Sequence prediction is one of the hottest application of Deep Learning these days. From building recommendation systems to speech recognition and natural language processing, its potential is seemingly endless. This is enabling never-thought-before solutions to emerge in the industry and is driving innovation.
There are many different ways to perform sequence prediction such as using Markov models, Directed Graphs etc. from the Machine Learning domain and RNNs/LSTMs from the Deep Learning domain.
In this article, we will see how we can perform sequence prediction using a relatively unknown algorithm called Compact Prediction Tree (CPT). You’ll see how this is a surprisingly simple technique, yet it’s more powerful than some very well known methods, such as Markov Methods, Directed Graphs, etc.
I recommend reading this article before going further – A Must-Read Introduction to Sequence Modelling(with use cases). In this, Tavish introduced us to an entirely new class of problems called Sequence Modelling, along with some very good examples of their use cases and applications.
Sequence prediction is required whenever we can predict that a particular event is likely to be followed by another event and we need to predict that.
Sequence prediction is an important class of problems which finds application in various industries. For example:
There are numerous additional areas where Sequence Prediction can be useful.
To see different kinds of solutions available for solving problems in this field, we had launched the Sequence Prediction Hackathon. The participants came up with different approaches and the most popular of them was LSTMs/RNNs which was used by most of the people in the top 10 on the private leaderboard.
LSTMs/RNNs have become a popular choice for modelling sequential data, be it text, audio, etc. However, they suffer from two fundamental problems:
Compact Prediction Tree (CPT) is one such algorithm which I found to be more accurate than traditional Machine Learning models, like Markov Models, and Deep Learning models like Auto-Encoders.
The USP of CPT algorithm is its fast training and prediction time. I was able to train and make predictions within 4 minutes on the Sequence Prediction Hackathon dataset mentioned earlier.
Unfortunately, only a Java implementation of the algorithm exists and therefore is not as popular among Data Scientists in general (especially those who use Python).

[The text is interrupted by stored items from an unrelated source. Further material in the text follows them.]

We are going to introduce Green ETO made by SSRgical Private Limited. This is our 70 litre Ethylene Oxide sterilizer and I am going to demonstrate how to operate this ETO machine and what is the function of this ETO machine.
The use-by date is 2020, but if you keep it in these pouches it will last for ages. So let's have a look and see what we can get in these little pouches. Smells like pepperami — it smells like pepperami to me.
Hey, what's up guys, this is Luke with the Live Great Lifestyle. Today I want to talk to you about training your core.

So, I have created a Python version of the library using the documentation developed by the algorithm creator. The Java code certainly helped in understanding certain sections of the research paper.
The library for public usage is present here and you are most welcome to make contributions to it. The library is still incomplete in the sense that it does not have all recommendations of the author of the algorithm, but is good enough to get a decent score of 0.185 on the hackathon leaderboard, all within a few minutes. Upon completion, I believe the library should be able to match the performance of RNNs/LSTMs for this task.

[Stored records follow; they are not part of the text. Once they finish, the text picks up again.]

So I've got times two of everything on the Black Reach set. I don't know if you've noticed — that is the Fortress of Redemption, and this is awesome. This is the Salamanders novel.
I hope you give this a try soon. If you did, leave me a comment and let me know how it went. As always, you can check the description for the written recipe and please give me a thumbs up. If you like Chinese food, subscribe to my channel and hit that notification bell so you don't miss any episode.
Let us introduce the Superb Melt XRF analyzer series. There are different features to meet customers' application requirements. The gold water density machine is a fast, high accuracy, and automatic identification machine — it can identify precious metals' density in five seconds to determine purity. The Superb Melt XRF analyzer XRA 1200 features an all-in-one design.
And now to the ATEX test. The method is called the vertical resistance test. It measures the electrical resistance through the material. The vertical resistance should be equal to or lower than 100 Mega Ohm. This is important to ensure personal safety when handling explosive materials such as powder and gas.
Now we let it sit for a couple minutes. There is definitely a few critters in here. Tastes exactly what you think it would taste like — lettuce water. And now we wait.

In the next section, we will go through the inner workings of the CPT algorithm, and how it manages to perform better than some of the popular traditional machine learning models like Markov Chains, DG, etc.

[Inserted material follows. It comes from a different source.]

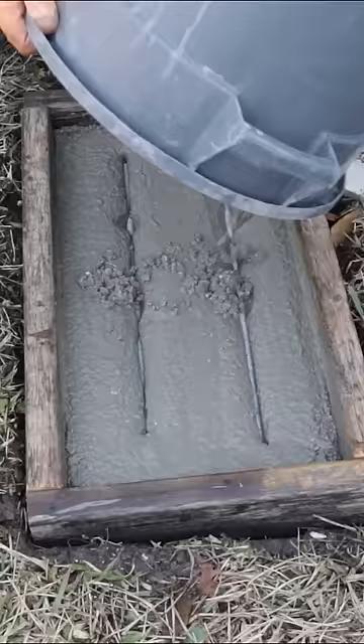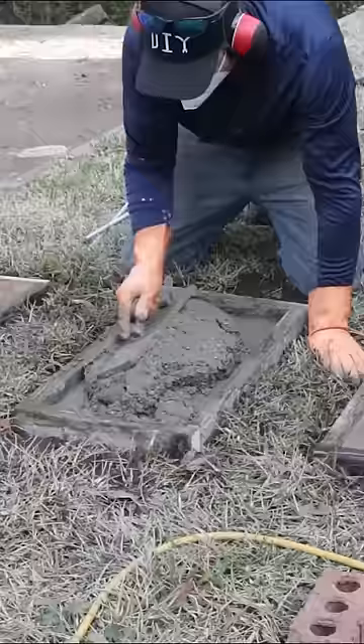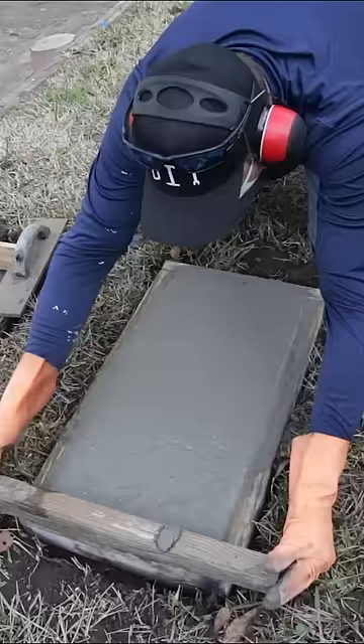I tamp it down, then I come back with some steel reinforcement — I'm using threaded rod. I add the rest of the concrete and get it to fit in the form nice and neatly. Then I tap the edges with a hammer and repeat this process for the remaining two steps.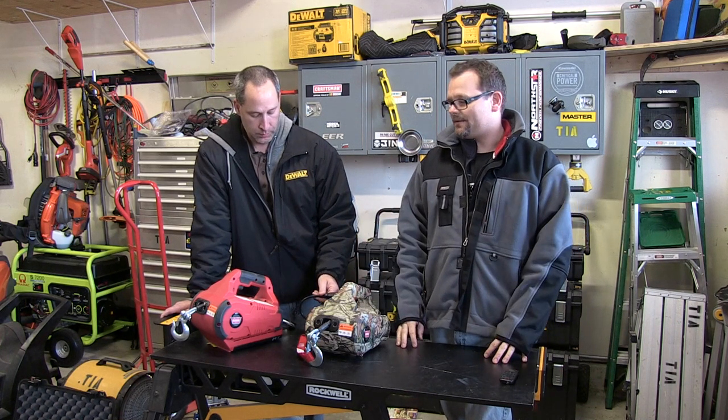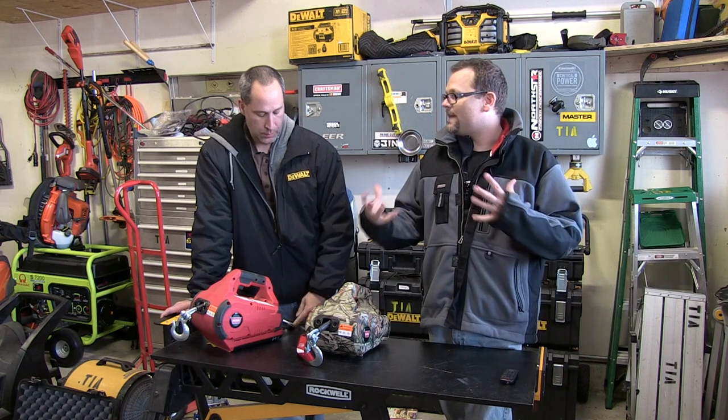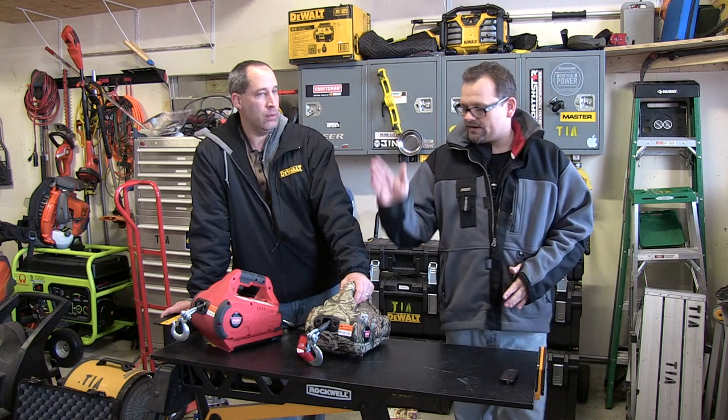It's gonna give you a longer run time. Basically if you're running through battery packs and you find you need more of a stable power source, you can go ahead and plug this thing in.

As a prerequisite, it is good to have an understanding of the format of the data accepted by the Python Library CPT. CPT accepts two .csv files – Train and Test. Train contains the training sequences while the test file contains the sequences whose next 3 items need to be predicted for each sequence. For the purpose of clarity, the sequences in both Train and Test files are defined as below:
1,2,3,4,5,6,7 5,6,3,6,3,4,5 . . .
Note that the sequences could be of varying length. Also, One-hot encoded sequences will not give appropriate results.
The CPT algorithm makes use of three basic data structures, which we will talk about briefly below.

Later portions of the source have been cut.